Our AWS CloudFormation scripts that deploy a load-balancing, fault-tolerant WordPress stack on AWS in under an hour is not something that gets a lot of updates or attention.
So, if you’re a frequent reader of our site articles and have no idea what we’re talking about, you’re probably not alone in that. (You can learn more about this product on its product page.)
These scripts are usually used for deploying large scale, high-volume WordPress installations and therefore customers tend to want to customize them for their own needs – they’re designed for that purpose.

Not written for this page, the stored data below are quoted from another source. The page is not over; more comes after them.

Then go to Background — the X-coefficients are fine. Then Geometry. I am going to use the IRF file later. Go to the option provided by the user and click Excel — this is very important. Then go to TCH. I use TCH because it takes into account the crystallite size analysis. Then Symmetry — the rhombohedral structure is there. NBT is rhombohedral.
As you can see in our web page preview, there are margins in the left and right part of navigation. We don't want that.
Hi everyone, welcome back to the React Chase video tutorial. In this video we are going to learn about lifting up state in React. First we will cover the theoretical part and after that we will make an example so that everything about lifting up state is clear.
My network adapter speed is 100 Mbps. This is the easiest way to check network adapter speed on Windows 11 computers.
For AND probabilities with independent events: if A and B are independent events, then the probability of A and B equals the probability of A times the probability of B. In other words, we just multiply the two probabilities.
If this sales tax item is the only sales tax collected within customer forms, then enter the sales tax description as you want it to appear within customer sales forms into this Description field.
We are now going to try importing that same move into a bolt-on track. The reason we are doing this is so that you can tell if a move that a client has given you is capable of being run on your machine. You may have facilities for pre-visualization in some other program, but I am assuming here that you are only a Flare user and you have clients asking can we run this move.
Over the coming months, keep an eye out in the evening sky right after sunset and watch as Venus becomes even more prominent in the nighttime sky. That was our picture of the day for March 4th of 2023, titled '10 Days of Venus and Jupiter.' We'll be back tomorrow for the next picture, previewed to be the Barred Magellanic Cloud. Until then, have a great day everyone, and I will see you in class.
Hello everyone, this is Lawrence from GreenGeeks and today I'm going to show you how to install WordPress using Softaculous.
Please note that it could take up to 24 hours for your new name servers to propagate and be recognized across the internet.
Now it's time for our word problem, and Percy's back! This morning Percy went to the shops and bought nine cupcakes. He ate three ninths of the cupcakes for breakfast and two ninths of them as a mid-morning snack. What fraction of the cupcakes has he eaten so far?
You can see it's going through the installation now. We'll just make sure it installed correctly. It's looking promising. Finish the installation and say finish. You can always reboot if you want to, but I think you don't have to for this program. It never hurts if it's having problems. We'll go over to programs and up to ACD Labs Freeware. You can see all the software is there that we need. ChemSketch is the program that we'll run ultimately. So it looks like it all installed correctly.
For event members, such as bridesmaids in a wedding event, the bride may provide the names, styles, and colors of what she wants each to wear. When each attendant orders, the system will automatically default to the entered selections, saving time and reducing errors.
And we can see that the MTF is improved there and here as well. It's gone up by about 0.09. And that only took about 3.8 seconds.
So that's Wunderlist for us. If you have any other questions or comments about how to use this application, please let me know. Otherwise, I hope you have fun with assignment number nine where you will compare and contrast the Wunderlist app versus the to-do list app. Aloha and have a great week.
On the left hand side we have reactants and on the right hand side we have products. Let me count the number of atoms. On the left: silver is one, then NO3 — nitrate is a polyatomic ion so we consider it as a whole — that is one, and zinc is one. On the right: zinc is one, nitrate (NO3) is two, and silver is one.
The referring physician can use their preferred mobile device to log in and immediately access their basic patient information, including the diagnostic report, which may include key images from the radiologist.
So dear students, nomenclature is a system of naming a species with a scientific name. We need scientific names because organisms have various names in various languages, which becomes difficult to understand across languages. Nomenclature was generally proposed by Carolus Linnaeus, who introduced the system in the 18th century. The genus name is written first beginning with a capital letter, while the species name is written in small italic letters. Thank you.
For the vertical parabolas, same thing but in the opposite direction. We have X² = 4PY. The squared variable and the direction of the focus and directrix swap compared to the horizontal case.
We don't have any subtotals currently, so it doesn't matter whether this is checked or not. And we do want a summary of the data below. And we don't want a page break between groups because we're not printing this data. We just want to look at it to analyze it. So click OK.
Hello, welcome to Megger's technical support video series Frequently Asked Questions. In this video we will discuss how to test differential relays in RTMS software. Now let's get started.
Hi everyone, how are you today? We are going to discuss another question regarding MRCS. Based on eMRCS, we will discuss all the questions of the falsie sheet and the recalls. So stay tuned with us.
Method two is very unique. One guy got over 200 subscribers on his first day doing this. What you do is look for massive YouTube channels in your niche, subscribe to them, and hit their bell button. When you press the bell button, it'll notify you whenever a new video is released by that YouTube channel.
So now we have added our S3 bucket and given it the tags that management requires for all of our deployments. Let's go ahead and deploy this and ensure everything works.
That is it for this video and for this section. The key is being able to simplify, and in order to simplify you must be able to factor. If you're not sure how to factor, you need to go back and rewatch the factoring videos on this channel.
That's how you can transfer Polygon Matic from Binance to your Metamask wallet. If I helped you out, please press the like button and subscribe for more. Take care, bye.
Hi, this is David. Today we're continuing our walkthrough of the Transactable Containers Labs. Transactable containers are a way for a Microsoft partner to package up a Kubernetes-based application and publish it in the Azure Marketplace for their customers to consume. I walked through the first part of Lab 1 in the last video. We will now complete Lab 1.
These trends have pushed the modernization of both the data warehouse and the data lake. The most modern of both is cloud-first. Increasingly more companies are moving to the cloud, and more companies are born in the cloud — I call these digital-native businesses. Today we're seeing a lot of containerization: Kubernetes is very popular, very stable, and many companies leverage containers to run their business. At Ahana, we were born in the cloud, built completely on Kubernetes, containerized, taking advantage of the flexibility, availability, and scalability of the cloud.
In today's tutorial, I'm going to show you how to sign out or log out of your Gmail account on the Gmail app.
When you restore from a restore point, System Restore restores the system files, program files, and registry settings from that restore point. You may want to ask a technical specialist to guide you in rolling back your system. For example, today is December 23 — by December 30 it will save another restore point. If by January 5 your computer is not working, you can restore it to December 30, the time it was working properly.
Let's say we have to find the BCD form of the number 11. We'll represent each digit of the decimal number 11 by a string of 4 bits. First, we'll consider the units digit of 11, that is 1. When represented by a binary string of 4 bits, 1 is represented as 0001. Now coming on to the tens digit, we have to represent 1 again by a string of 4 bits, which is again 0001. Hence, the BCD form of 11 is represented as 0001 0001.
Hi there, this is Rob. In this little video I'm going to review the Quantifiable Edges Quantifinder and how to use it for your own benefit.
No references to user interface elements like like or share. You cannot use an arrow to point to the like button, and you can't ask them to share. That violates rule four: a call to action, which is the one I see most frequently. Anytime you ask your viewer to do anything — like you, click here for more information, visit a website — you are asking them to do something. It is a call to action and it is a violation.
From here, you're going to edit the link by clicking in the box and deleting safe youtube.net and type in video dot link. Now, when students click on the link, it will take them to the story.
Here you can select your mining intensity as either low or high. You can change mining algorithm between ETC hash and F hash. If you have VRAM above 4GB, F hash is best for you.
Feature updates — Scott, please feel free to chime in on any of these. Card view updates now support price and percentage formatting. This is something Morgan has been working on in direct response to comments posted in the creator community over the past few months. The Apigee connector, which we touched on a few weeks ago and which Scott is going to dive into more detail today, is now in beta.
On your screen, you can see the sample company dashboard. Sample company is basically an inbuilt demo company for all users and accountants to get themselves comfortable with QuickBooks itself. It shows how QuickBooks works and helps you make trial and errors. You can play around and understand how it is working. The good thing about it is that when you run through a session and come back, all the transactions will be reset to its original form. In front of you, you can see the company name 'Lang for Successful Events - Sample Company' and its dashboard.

So what sets these scripts apart from the many free Terraform-based alternatives? Three things:
- The ease of customization – they’re designed for easy customization
- They are based on real-world WordPress experience
- You can get support (optional) directly from the authors (us) – they’re treated as a real product, not something that you have to figure out how handle when things go wrong.
The scripts are also 100% pure AWS – using only BASH and AWS CloudFormation – no Terraform, Ansible or other package or infrastructure manager is needed.
If the AWS CLI is already installed in your WSL or Linux Ubuntu server, you can get a fully load-balanced WordPress cluster in two availability zones up and running in under an hour.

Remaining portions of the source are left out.